I have no specific suggestions, I can only say, do what you like doing, and do it well. It is true that, in 2023, there are still women who do not succeed, but we are also seeing many examples of role models. Recently I met two women in top positions, in Italy your Research Minister, and also the French Minister for Research. The largest international research laboratory, CERN, is led by a woman; the British research funding organisation is run by a woman. Our Commissioner is a woman. All these women I mentioned have children. It is not easy, but it is possible. I think it is now clear that there are no longer any major barriers for women. Everyone can run into problems, even young men. I know many of them who find it difficult to do everything that is required of them. So perhaps we should ask ourselves whether it is not more difficult to embark on a scientific career in general, now that the requests arriving from everyone, from politicians for example, have increased, and bureaucracy has also increased. Scientific careers have become less attractive than a few years ago.
The communication of science is becoming more and more important for the ERC, as demonstrated by the “Public Engagement with Research Award” programme, and the latest “ERC Science Journalism Initiative.” What is the reason for this special attention?

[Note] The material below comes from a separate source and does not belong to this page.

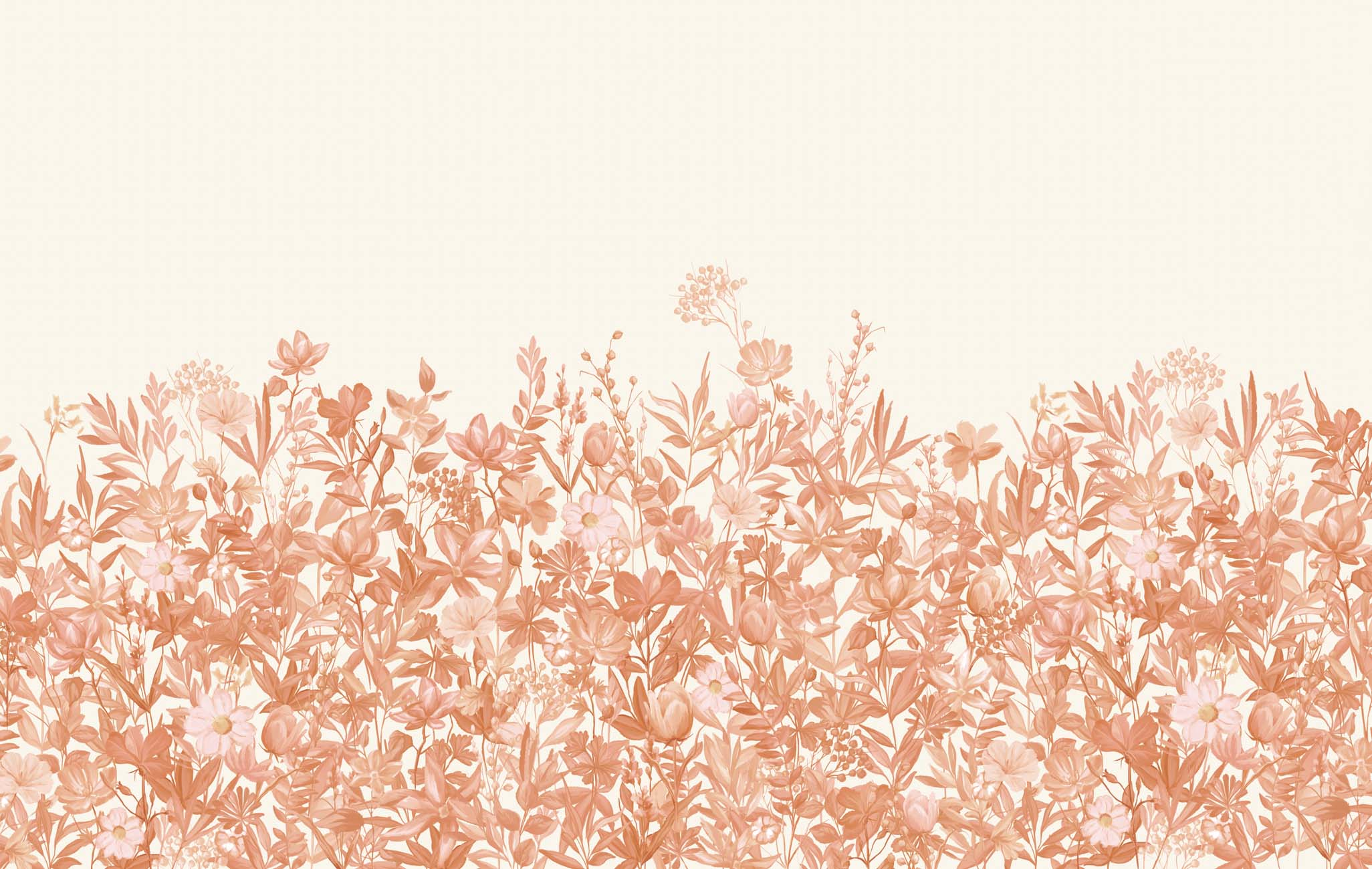 Papier peint fleurs au pinceau terracotta, XXL, tendance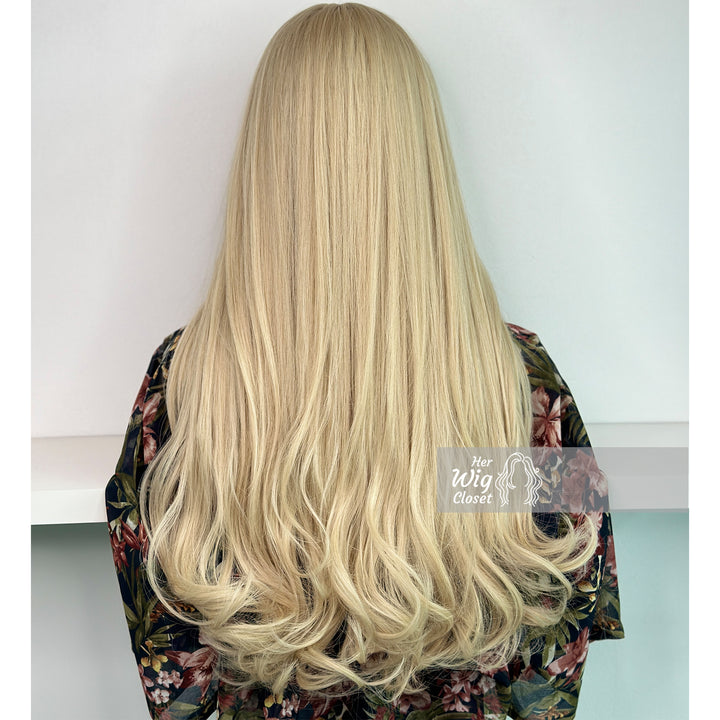 Ash Blonde Long Straight Wavy Wig with Bangs | Her Wig Closet | Ingrid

First of all, I wouldn’t say that good communication of science matters to the ERC, good communication of scientific research is important for everybody, for the public, for the whole scientific community, and for politicians. The two ERC initiatives you mentioned are small but important. The first is particularly satisfying because it is inspiring for scientists who want to inform the public about their research; there are many researchers who do this voluntarily and I think it is good to support them, and we are doing so by means of this small prize. We all rely on the public’s understanding of science, so we should continue promoting this kind of activity. But scientists cannot reach all parts of the population, and so by means of the second operation, we are targeting journalists, who have the tools to reach a wider public. Our programme is a way of helping journalists to understand how our world works.
What’s next for the European Research Council?
We have already announced that the ERC is modifying the way it assesses researchers, and this is connected to the support we want to give to the world of research. We have listened to the researchers’ requests. I hope that younger people will see it as a positive thing that the very specific and narrow criteria that have been used up until now to evaluate their work will no longer apply. We will change the information that will be required to submit a project for funding. And this will help the younger researchers – who are in fact the next generation of scientists – but also the more senior researchers. It is important that support for research takes place throughout their whole career. Lastly, what we will have to work on is the next EU framework programme for R&I. I think Europe will have to recognise that more money must be spent on research – doubling the overall budget – in order to be internationally competitive.